::: Source data :::
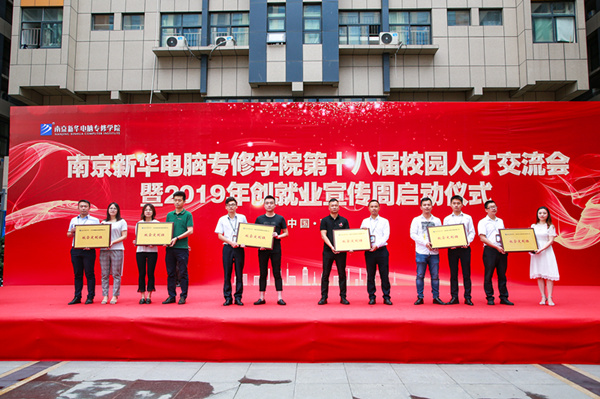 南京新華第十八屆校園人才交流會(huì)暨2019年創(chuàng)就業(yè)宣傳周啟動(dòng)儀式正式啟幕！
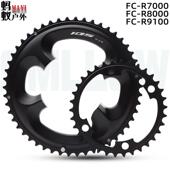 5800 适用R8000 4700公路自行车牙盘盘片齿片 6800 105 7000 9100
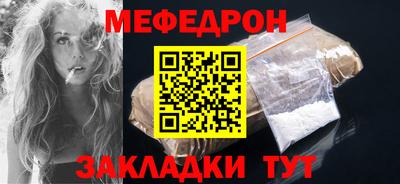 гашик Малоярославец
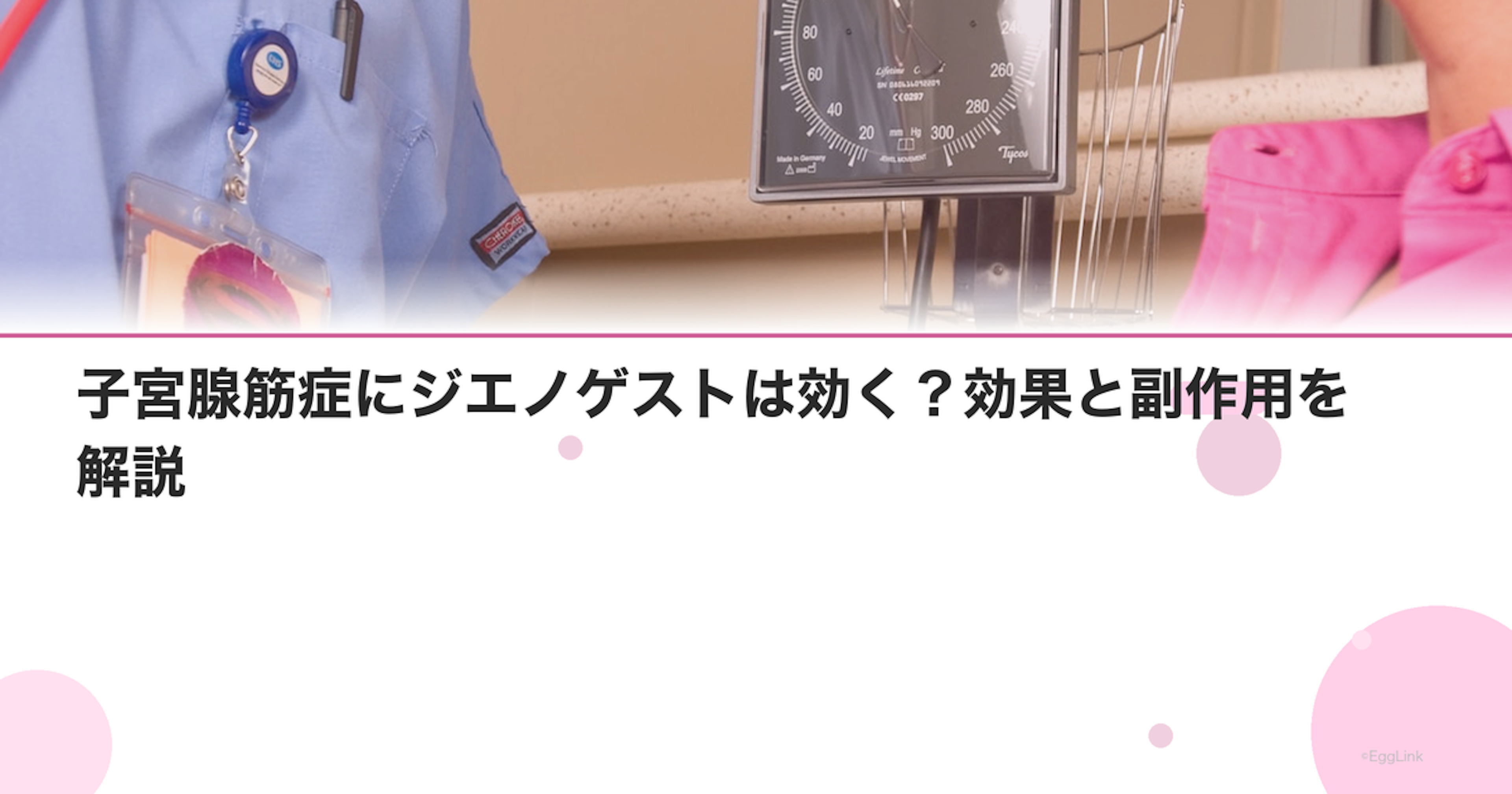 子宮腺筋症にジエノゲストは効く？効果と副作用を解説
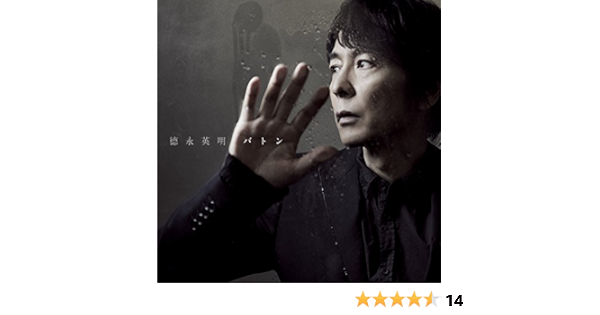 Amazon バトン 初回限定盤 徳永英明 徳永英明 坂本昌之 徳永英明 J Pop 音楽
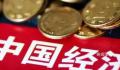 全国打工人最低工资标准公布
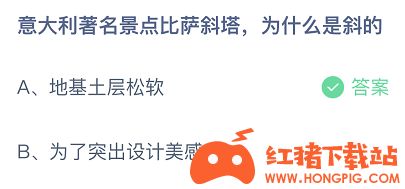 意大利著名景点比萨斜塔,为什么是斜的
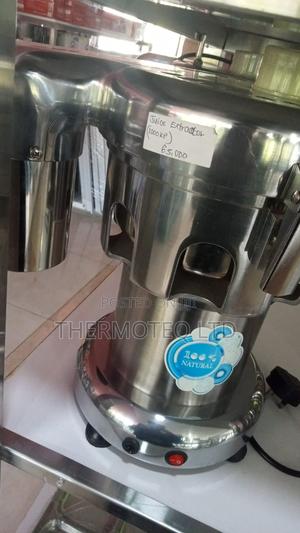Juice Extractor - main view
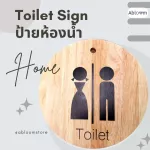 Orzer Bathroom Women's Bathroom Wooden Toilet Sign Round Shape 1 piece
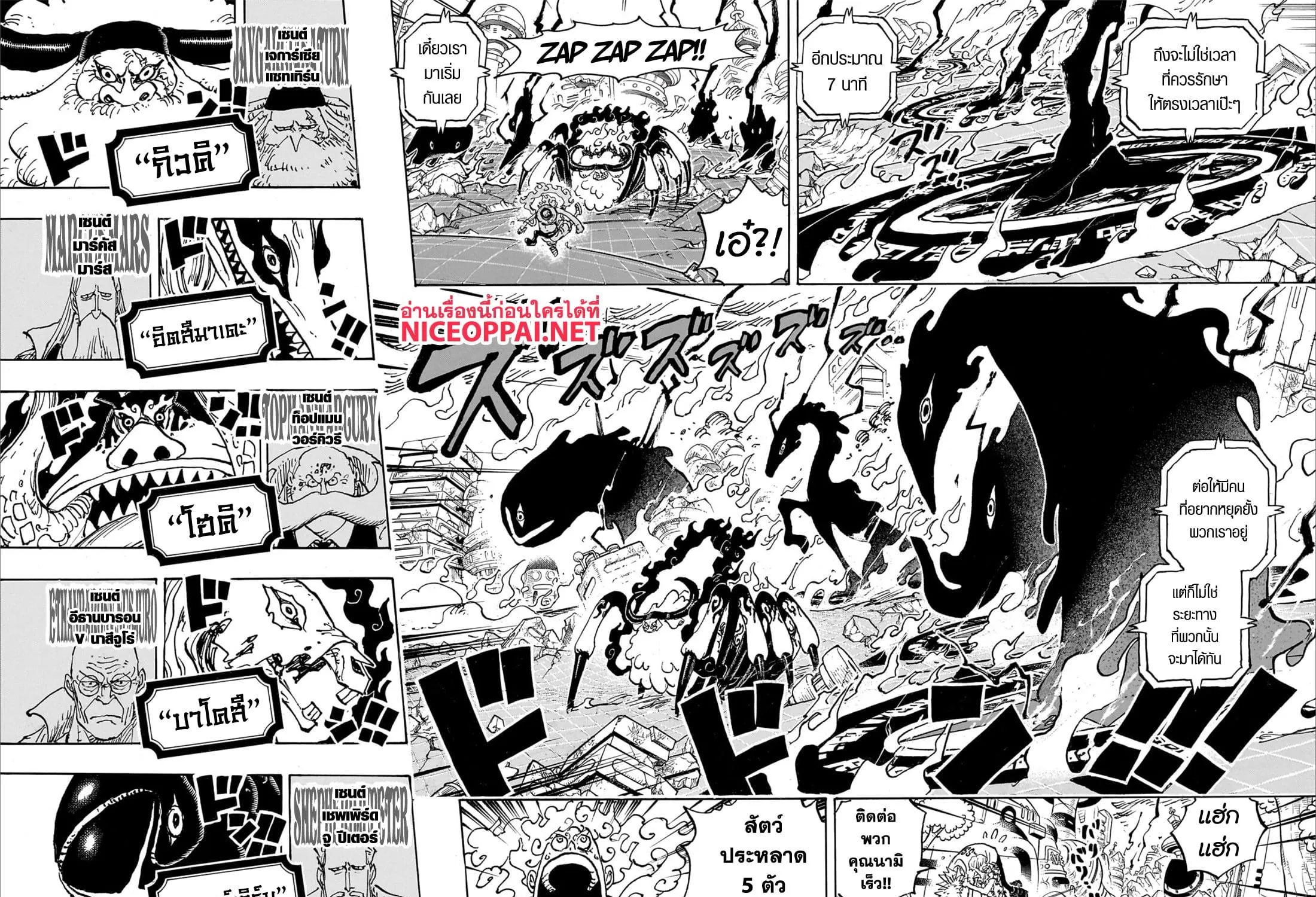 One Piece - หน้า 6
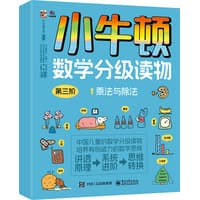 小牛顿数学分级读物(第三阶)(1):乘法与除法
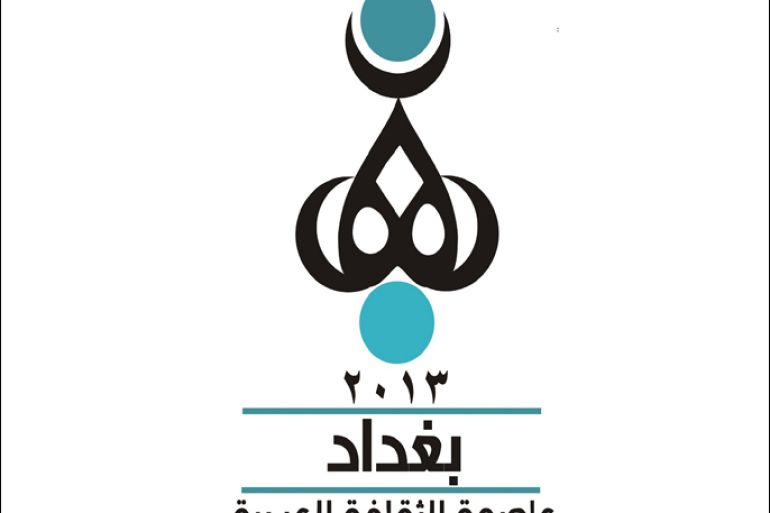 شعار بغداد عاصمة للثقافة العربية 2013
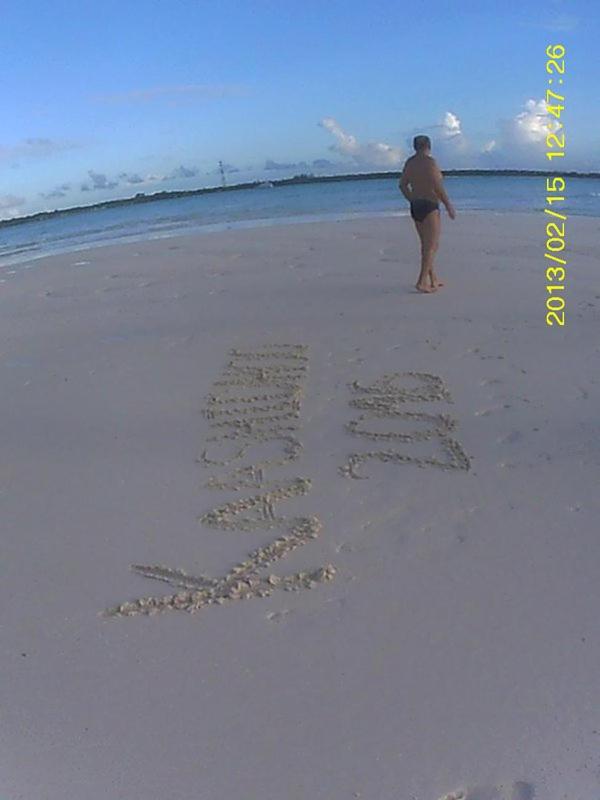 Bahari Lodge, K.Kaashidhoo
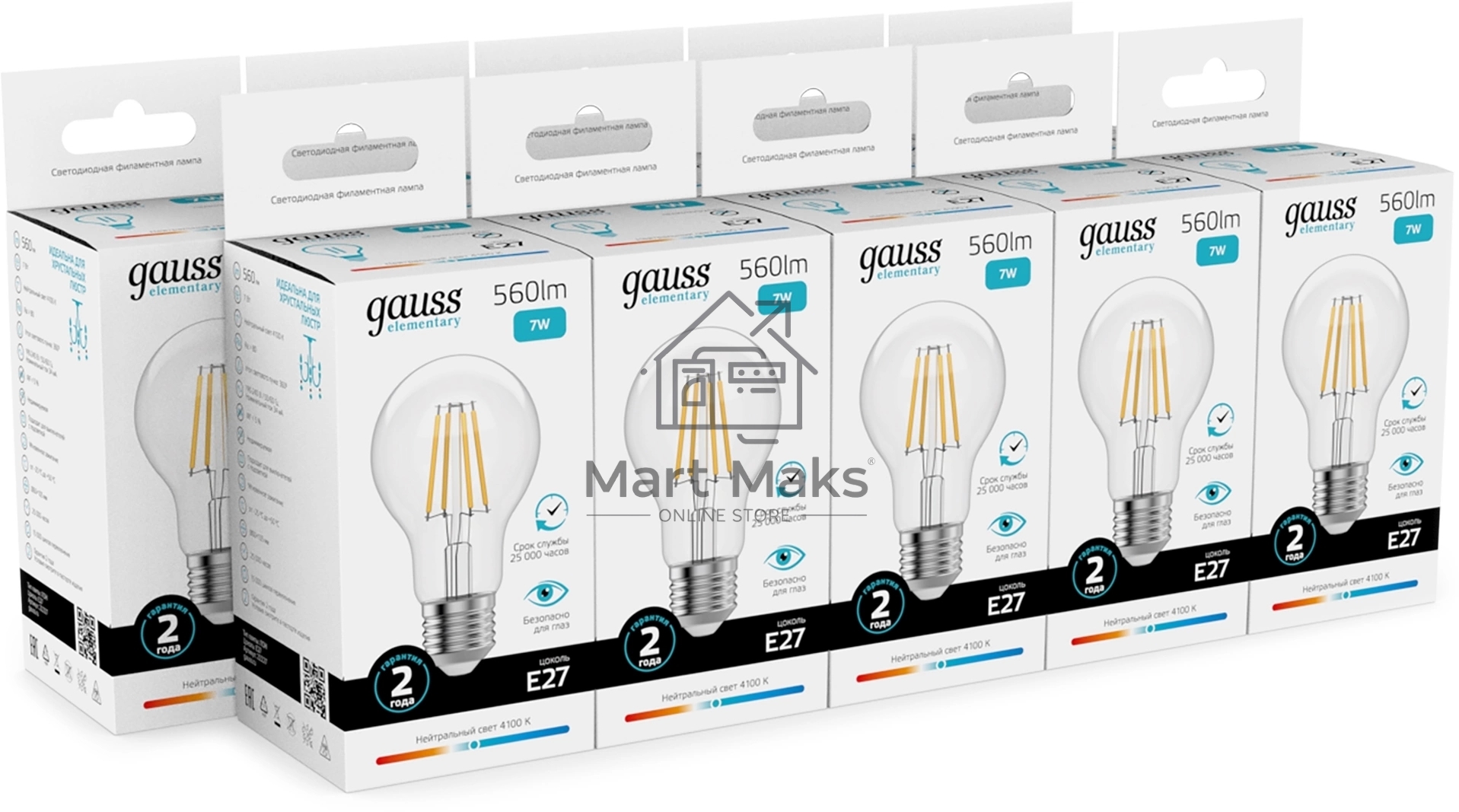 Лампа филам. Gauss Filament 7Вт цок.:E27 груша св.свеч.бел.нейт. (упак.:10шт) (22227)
:::
- _Problem to solve_
Would you write out an exact copy of the entries above, with no images?

- _Expected output_
 南京新華第十八屆校園人才交流會(huì)暨2019年創(chuàng)就業(yè)宣傳周啟動(dòng)儀式正式啟幕！
 5800 适用R8000 4700公路自行车牙盘盘片齿片 6800 105 7000 9100
 гашик Малоярославец
 子宮腺筋症にジエノゲストは効く？効果と副作用を解説
 Amazon バトン 初回限定盤 徳永英明 徳永英明 坂本昌之 徳永英明 J Pop 音楽
 全国打工人最低工资标准公布
 意大利著名景点比萨斜塔,为什么是斜的
Juice Extractor - main view
 Orzer Bathroom Women's Bathroom Wooden Toilet Sign Round Shape 1 piece
 One Piece - หน้า 6
 小牛顿数学分级读物(第三阶)(1):乘法与除法
 شعار بغداد عاصمة للثقافة العربية 2013
 Bahari Lodge, K.Kaashidhoo
 Лампа филам. Gauss Filament 7Вт цок.:E27 груша св.свеч.бел.нейт. (упак.:10шт) (22227)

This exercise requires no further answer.